┌──
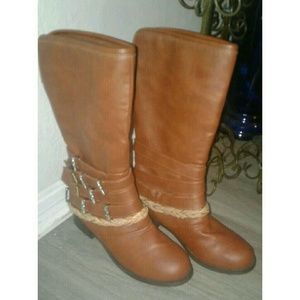 Monroe & Main Multi Wrap Ankle Boot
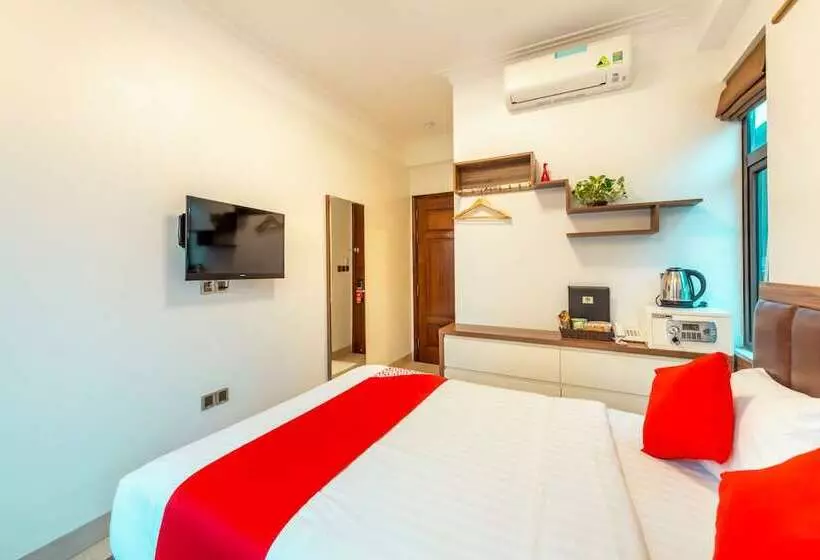 Westlake Tay Ho Hotel 696 Lạc Long Quân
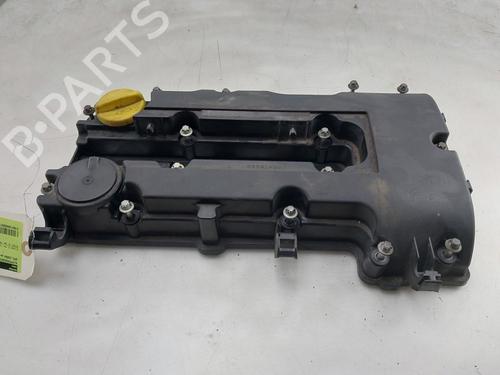 Used Valve cover OPEL CORSA E (X15) 1.4 LPG (08, 68) (90 hp) 30275617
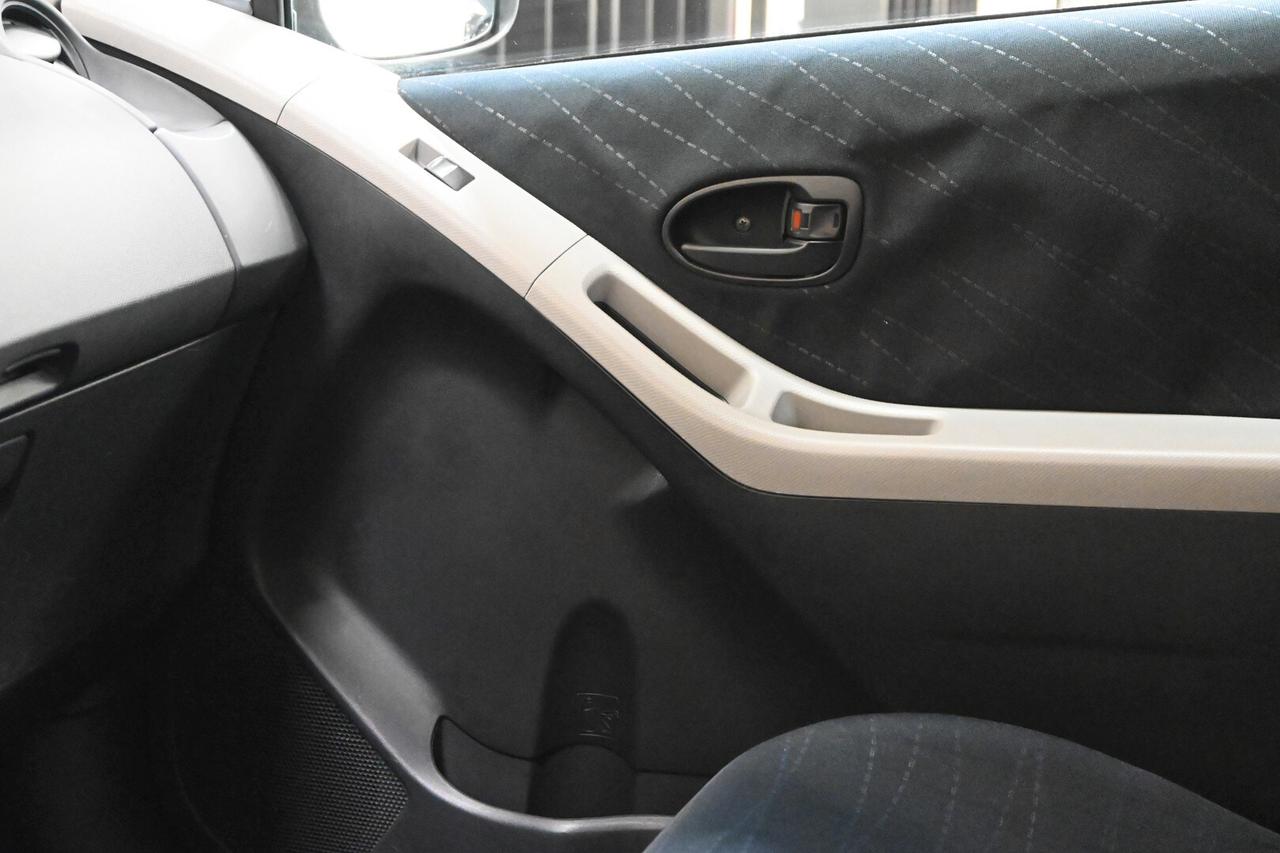 TOYOTA Yaris 2ª serie Yaris 1.0 5 porte Sol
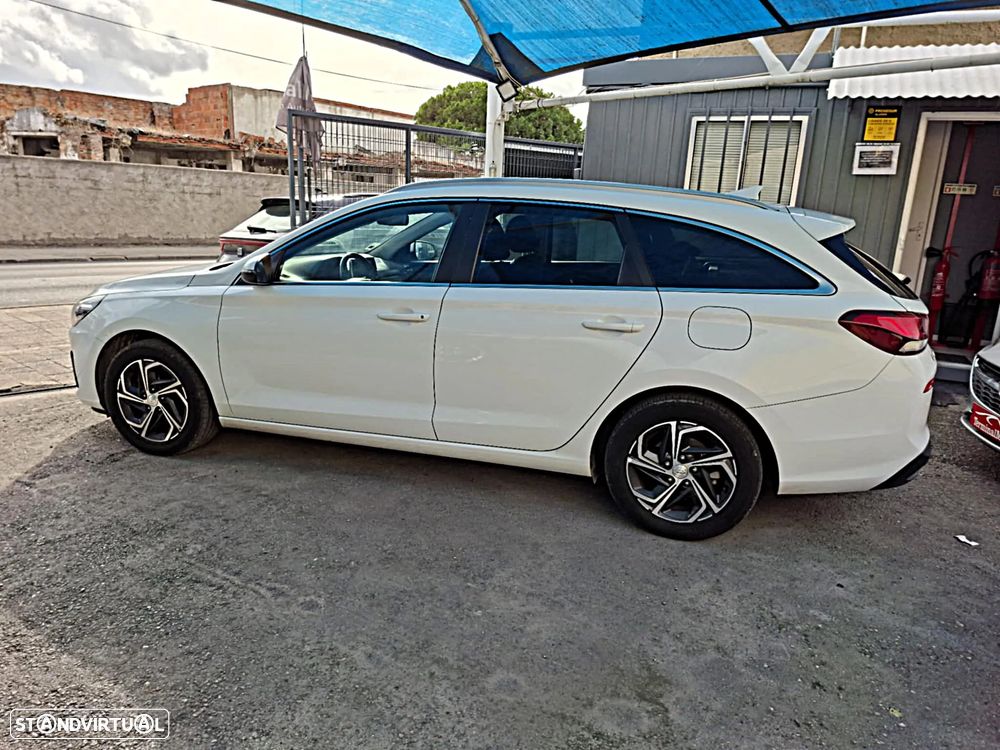 Hyundai i30 SW 1.6 CRDi Style - 18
└──
*Your goal*. Apart from the images, please copy every line of the data exactly as written.

*Answer section*.
 Monroe & Main Multi Wrap Ankle Boot
 Westlake Tay Ho Hotel 696 Lạc Long Quân
 Used Valve cover OPEL CORSA E (X15) 1.4 LPG (08, 68) (90 hp) 30275617
 TOYOTA Yaris 2ª serie Yaris 1.0 5 porte Sol
 Hyundai i30 SW 1.6 CRDi Style - 18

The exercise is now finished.